Keep the images out while you set down the data exactly.

** Collected data follows **

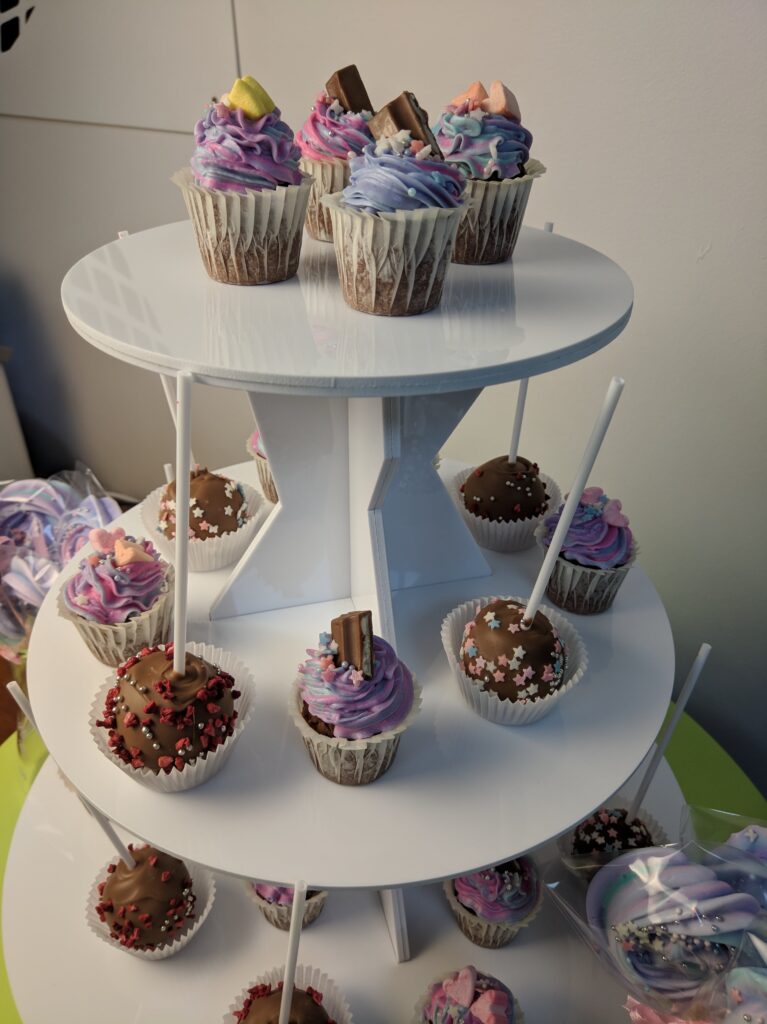 Candy Bar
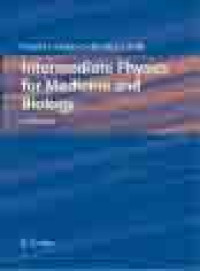 Image of Intermediate Physics for Medicine and Biologi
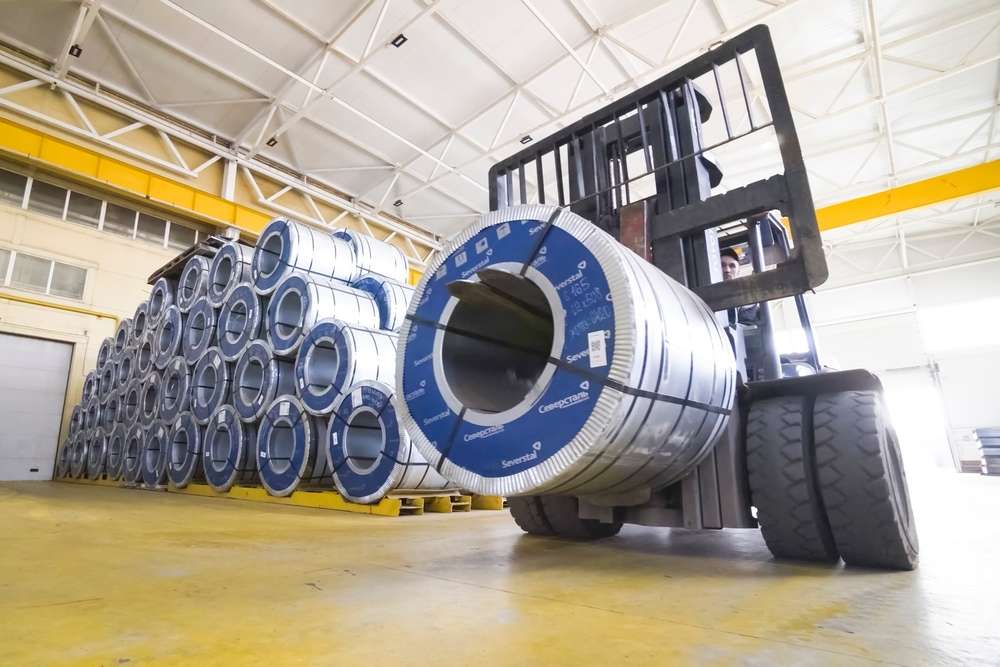 Avrupa Birliği ucuz çeliğe karşı gümrük vergilerini yükseltiyor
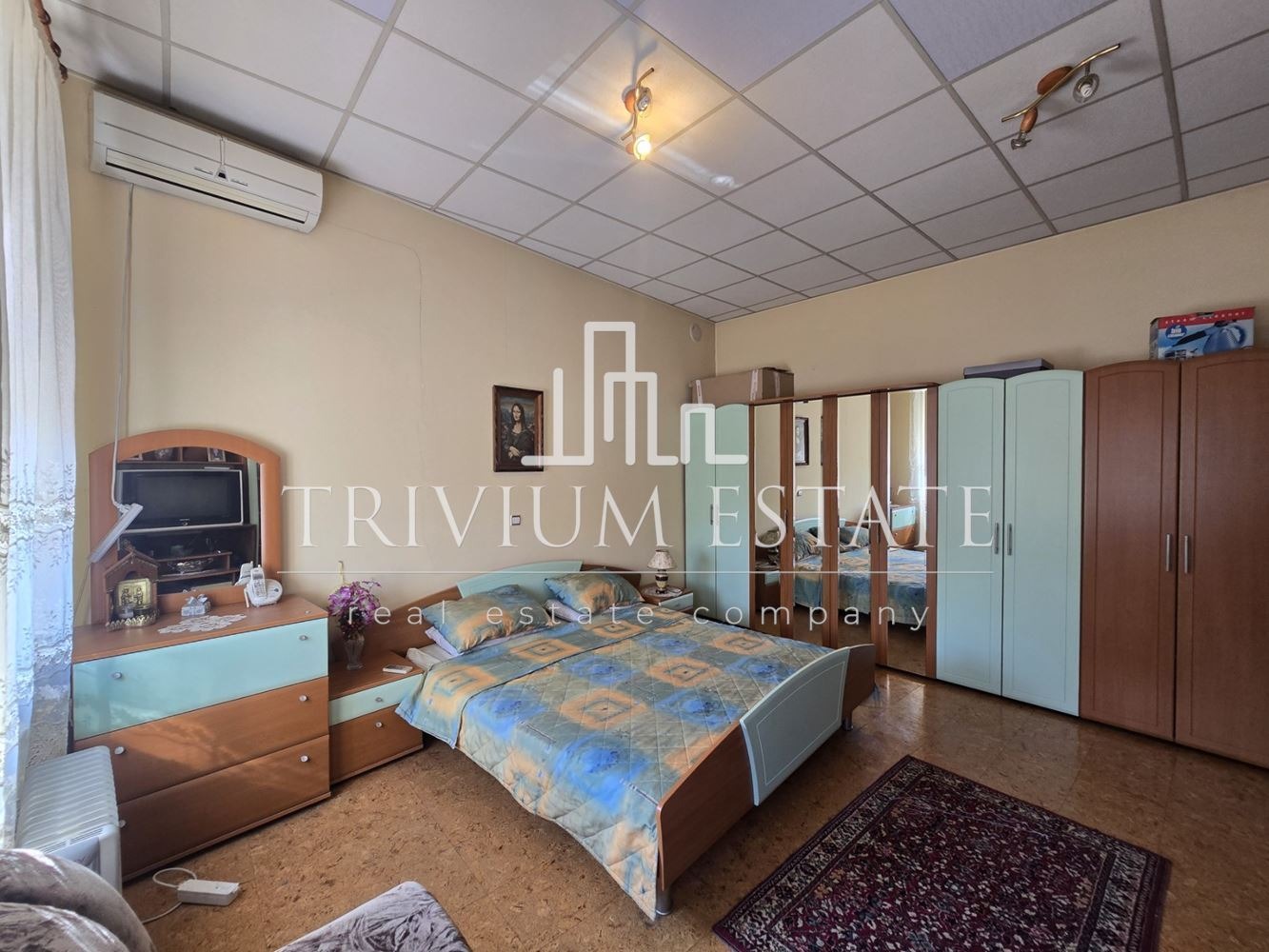 Продава КЪЩА, гр. Пловдив, Център, снимка 10 - Къщи - 56017848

** End of Collected data **

_Task solution_
 Candy Bar
 Image of Intermediate Physics for Medicine and Biologi
 Avrupa Birliği ucuz çeliğe karşı gümrük vergilerini yükseltiyor
 Продава КЪЩА, гр. Пловдив, Център, снимка 10 - Къщи - 56017848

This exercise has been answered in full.